The integer result of the division of two integers ignores any remainder and returns only the truncated quotient. Modulo returns the integer remainder of that division. According to the Programming Guide, both of these operations are relatively slow. However, I need both of these values in my kernel. Are there any functions that will return both of these values and are more efficient than computing both of these values independently?
Not that I know of, although this a good idea since modulo and integer are often used together. It may be that the JIT optimizer is smart enough to remove the redundant code from both calls.
If you know that your input values are exactly representable in floating point, it may be worth casting them and using the floating point modulo and divide instead.
Had to go back to look some of this stuff up…
I was unable to find the range of integers that are exactly representable as floating point numbers, but I assume it’s based off the length of the mantissa. Assuming the IEEE-754 floating point standard, there is a 24-bit mantissa (with the leading ‘1’ dropped off, so really represented as 23-bits). That would give an upper limit of 2^24. My integers are all positive, so I don’t need to be concerned with the negative case. Are all positive integers from 2^24 down to zero exactly representable?
This leaves me with two concerns, however. My first concern is that, according to NVIDIA documentation, floating-point division is not IEEE-754 compliant. However, if these two integers are represented exactly, this may not matter.
My second concern is this. What if the quotient of two integers isn’t able to be represented exactly using floating point. This could probably cause some errors when truncating the value. Hypothetically speaking, if the quotient should be 6.9999999, but is represented as 7 (since 6.9999999 is unrepresentable), then the truncation will yield 7 rather than 6.
The values in my numerator and denominator will be in the ranges [0, 2^24] and [2^13, 2^23], respectively. The denominator will always be a power of 2. The same is untrue for the numerator.
Thanks!
To avoid the inaccuracy of floorf for computed results like 6.9999999 and for numbers that are not exactly representable, you can always add some epsilon and cast the result to an integer. This is cheaper than doing an integer division:
int a = 42; int b = 6; int c = a/b; // 16 cycles
is equivalent to
float a = 42.0f; float b = 6.0f; int c = (int)( (a/b)+0.001f ); // fp rcp+mul or div (2-4 cycles I believe) and fp add (1 cycle)
I don’t know if casting is internally the same as floorf(), but it should.
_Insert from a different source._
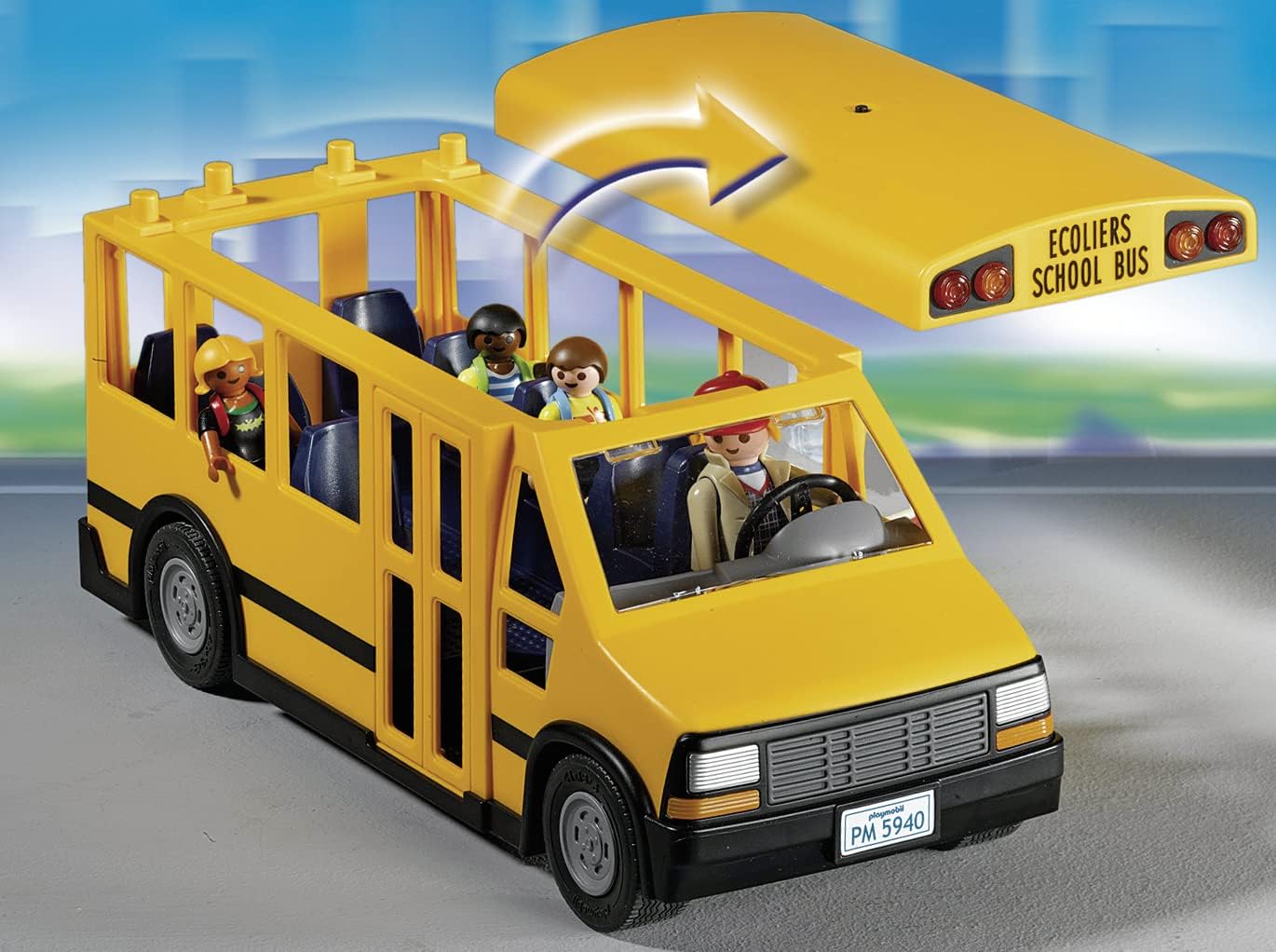 Playmobil School Bus Vehicle Playset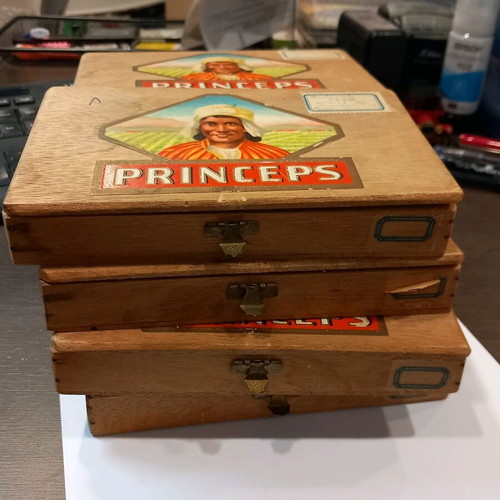 Nicaragua cigar boxes used, pack of eight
Guess I have to check the PTX.
A cheap modulo can be achieved based on the above with less cycles than integer %.
If the denominator is always a power of 2, then division and modulo is as easy as right shift and bitwise-and! You can take the log2 of a power-of-two integer using the function __ffs(x). So, a/b == a>>__ffs(b ). a%b == a&(b-1).
You avoid this by specifying “round-to-zero.” EDIT: Ugh, it seems like the only rounding mode for division, unlike for multiplication and addition, is round-to-nearest-even. Hmm.
I can’t find how long fmod() takes. Any confirmation that it’s quick? If so, you’d take the modulus, do subtraction, then do regular float division (or rather, use __fdividef(x,y)). That should give perfect precision, I think.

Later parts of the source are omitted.